**WHAT IS REQUIRED:** Retype the listing exactly as it stands, and keep every image out.

**DATA EXCERPT:**
——————

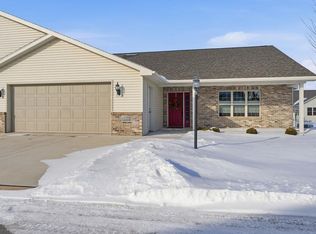 1365 Candlelight Ln, Fond Du Lac, WI 54937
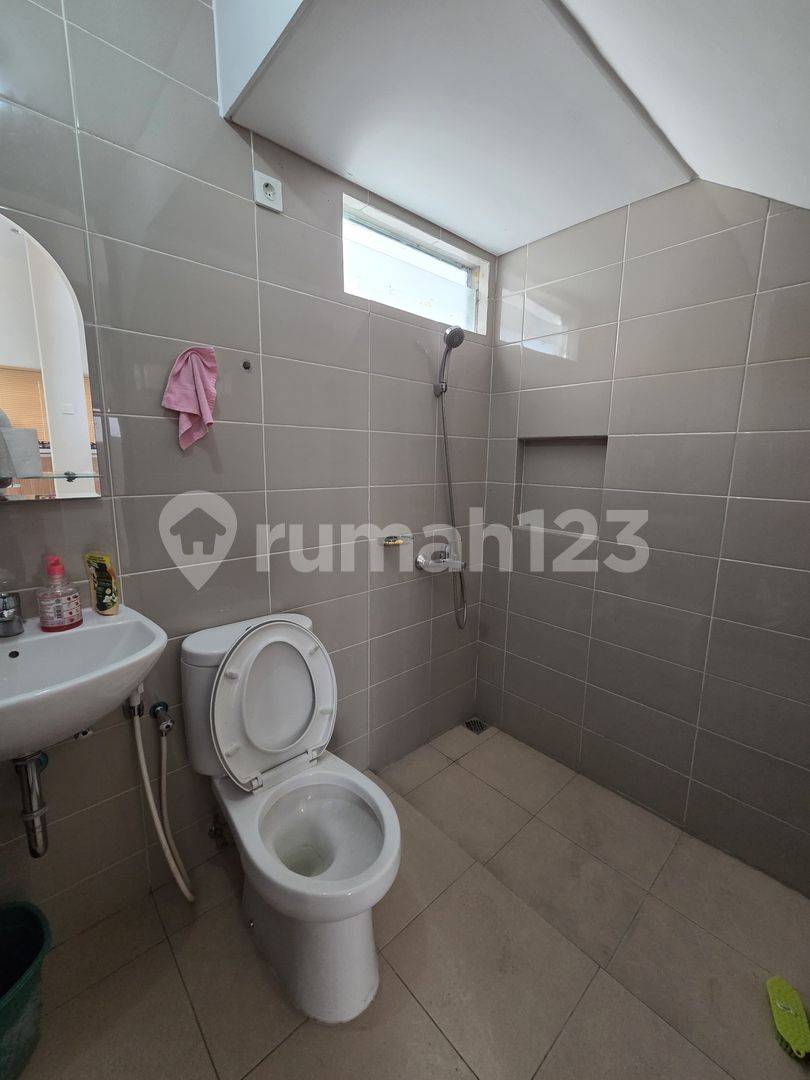 Graha Padma-дағы 2 қабатты үй, Karang Turi мектебі мен Ahmad Yani әуежайына жақын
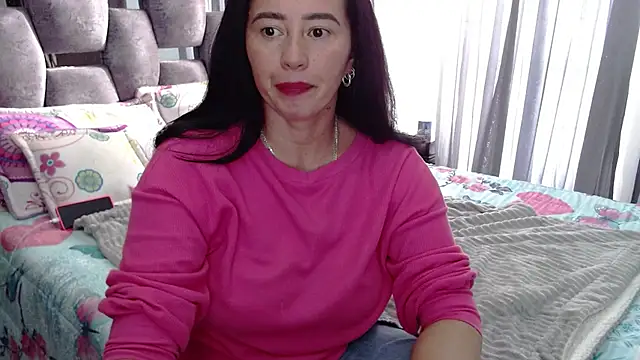 Snapshot of sara_hott_1 chatting on November 7, 2025, 8:42 pm sara hott 1 online show from November 7, 2025, 8:42 pm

——————

**ANSWER TO THE PROBLEM:**
 1365 Candlelight Ln, Fond Du Lac, WI 54937
 Graha Padma-дағы 2 қабатты үй, Karang Turi мектебі мен Ahmad Yani әуежайына жақын
 Snapshot of sara_hott_1 chatting on November 7, 2025, 8:42 pm sara hott 1 online show from November 7, 2025, 8:42 pm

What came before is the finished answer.